Now there’s a word. Last week I was serendipitously invited to speak to a small group of EMCC coaches, meeting online to think together on the theme of Appreciation. (Thank you Bev Holden!)
Many of us, particularly in the coaching community, are aware of the growing body of evidence that shows us how consistent observation of our lives through the prism of gratitude (such as gratitude journals and habits, mindfulness and so on) actively grows and rewires parts of the brain in a very healthy way. And I had been sideswiped here on LinkedIn by this marvellous graphic about the brain which you might find useful too.
It’s about the impact of hypervigilance on the brain. What a relevant, immediate topic. Apart from anything else, this being ‘on alert’ so much of the time is really tiring for us, it’s simply not normal. Hypervigilance, and the related production of adrenaline, is supposed to be an emergency switch, not a permanent state, and it uses up a lot of brain energy. Which goes some way to explaining the dullness and apathy that for many people seems to be part of the current phase in lockdown.
So that perception was feeding into my thinking about how to find a practical way to dial down the limbic vigilance and to be more relaxed.
Appreciation vs Gratitude
Then came the invitation to offer a 90 minute Time to Think experience on Appreciation, with the built-in advantage of hearing what others think too. What emerged was that it seems easier to feel genuine appreciation of something in the moment than it is to summon up and truly feel gratitude. It seems like there’s a struggle to experience the reality of gratitude at will and that simply listing the objects of gratitude runs the risk of becoming something of a ‘by rote’ exercise rather than a ‘from the heart’ thing.

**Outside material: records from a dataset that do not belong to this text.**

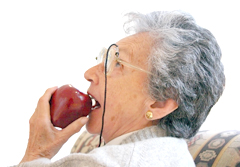 りんごを噛る女性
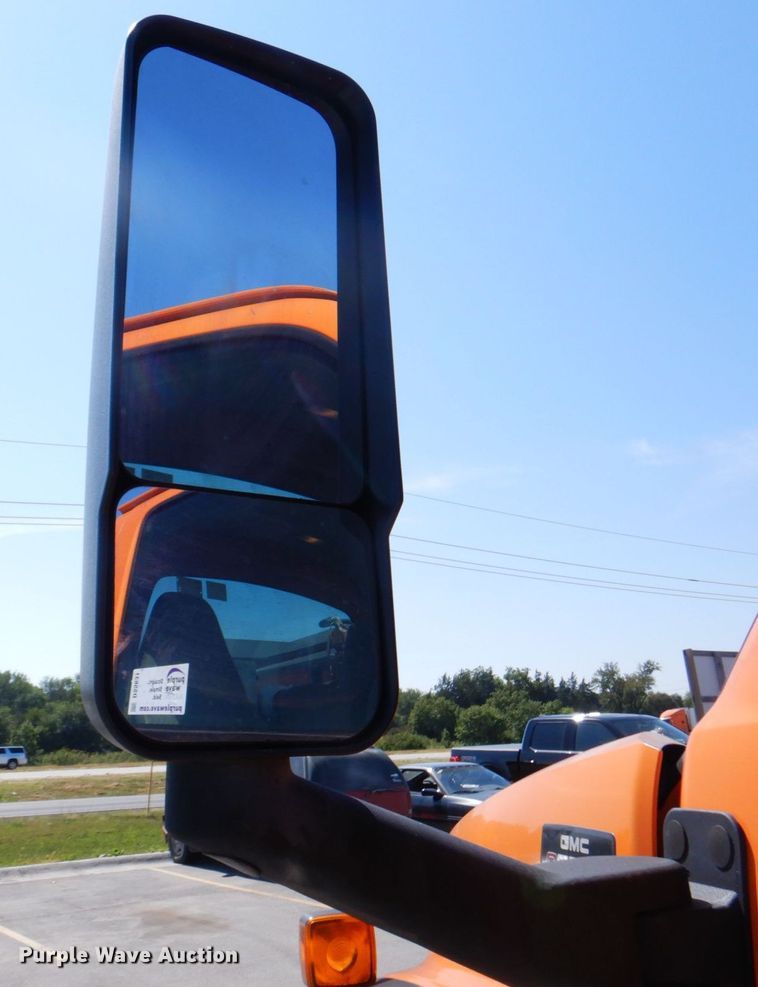 image for item DS5631 2007 GMC C5500 flatbed truck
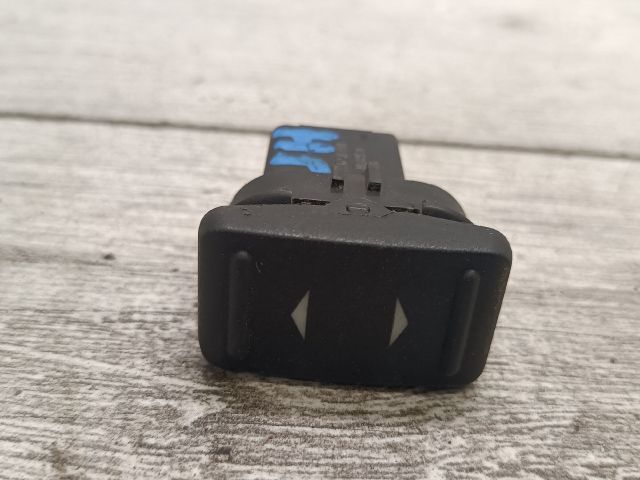 bontott FORD FOCUS C-MAX I Jobb hátsó Ablakemelő Kapcsoló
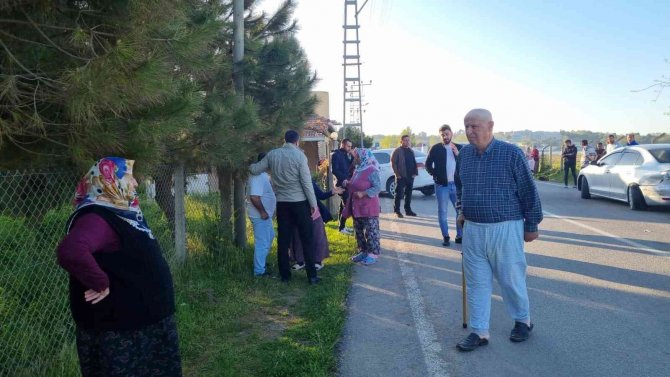 İki otomobil ve motosikletin karıştığı kazada 1 kişi yaralandı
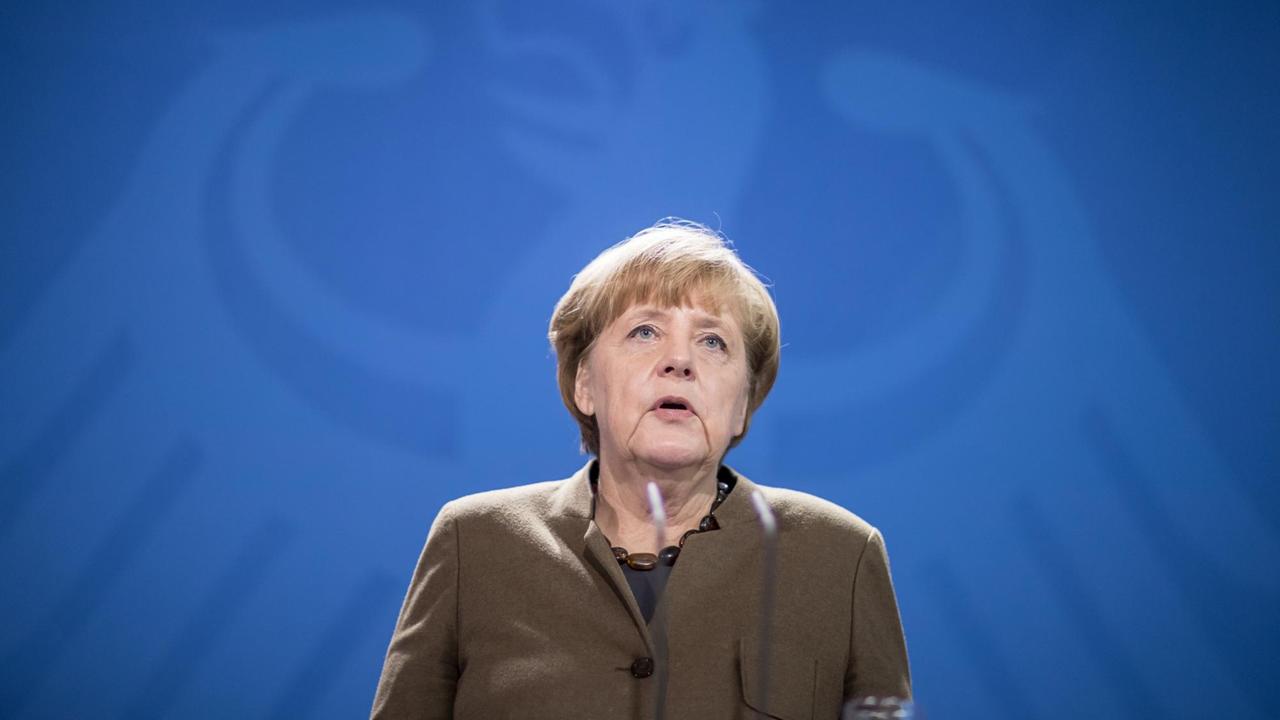 Bundeskanzlerin Merkel gibt in Berlin eine Stellungnahme zum Tod des mutmaßlichen Berlin-Attentäters Amri ab. Bundeskanzlerin Merkel gibt in Berlin eine Stellungnahme zum Tod des mutmaßlichen Berlin-Attentäters Amri ab.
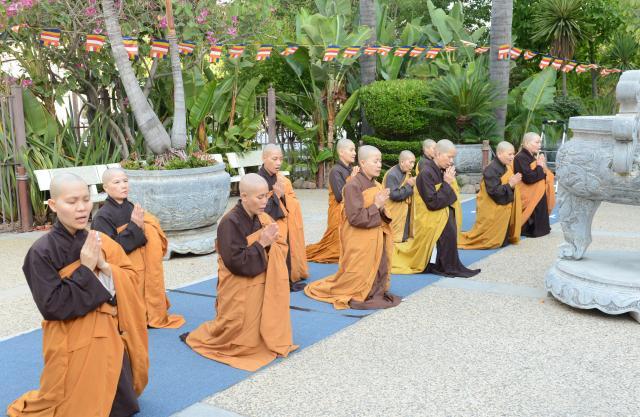 Chùa Đức Viên, San Jose ( Hoa Kỳ ) Tổ Chức Lễ Tam Bộ Nhất Bái Báo Hiếu Phụ Mẫu Năm 2016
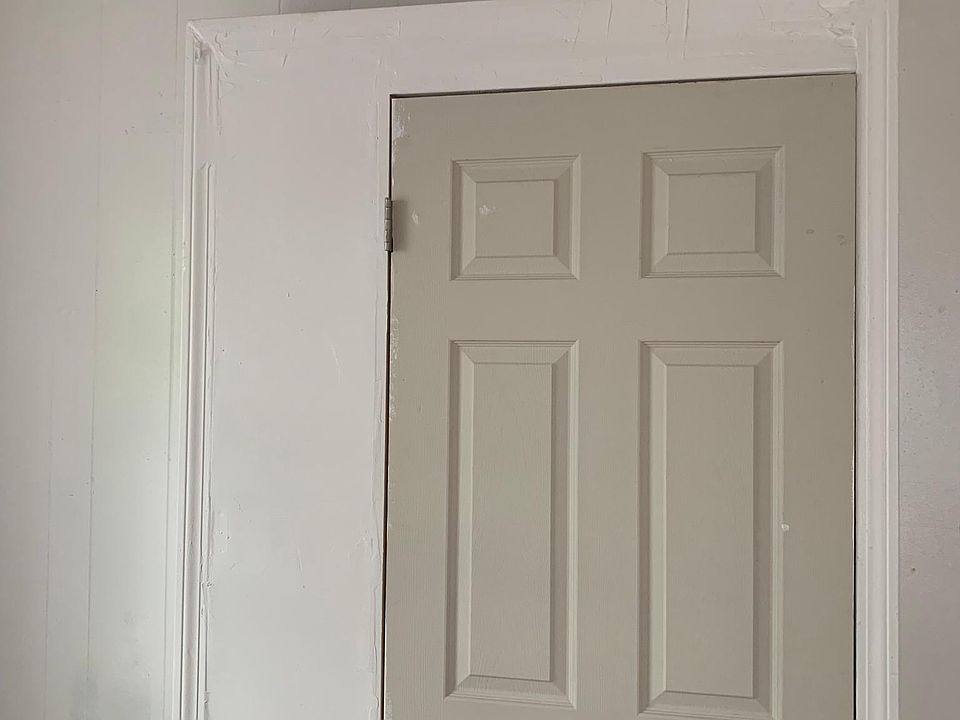 2nd image of 59 Darling St #1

This matters, since we know that we can actively encourage the neuroplasticity of the brain to expand the part of the limbic system which very likely helps us to be more alert and open and resilient. This happens through regular focus (in brief moments, not all day long) on what’s good and immediate and working well. Through brief moments of genuine Appreciation. And that feels easier and more authentic to me.
What do you think about this distinction between Appreciation and Gratitude – and what difference might that make to your coaching practice?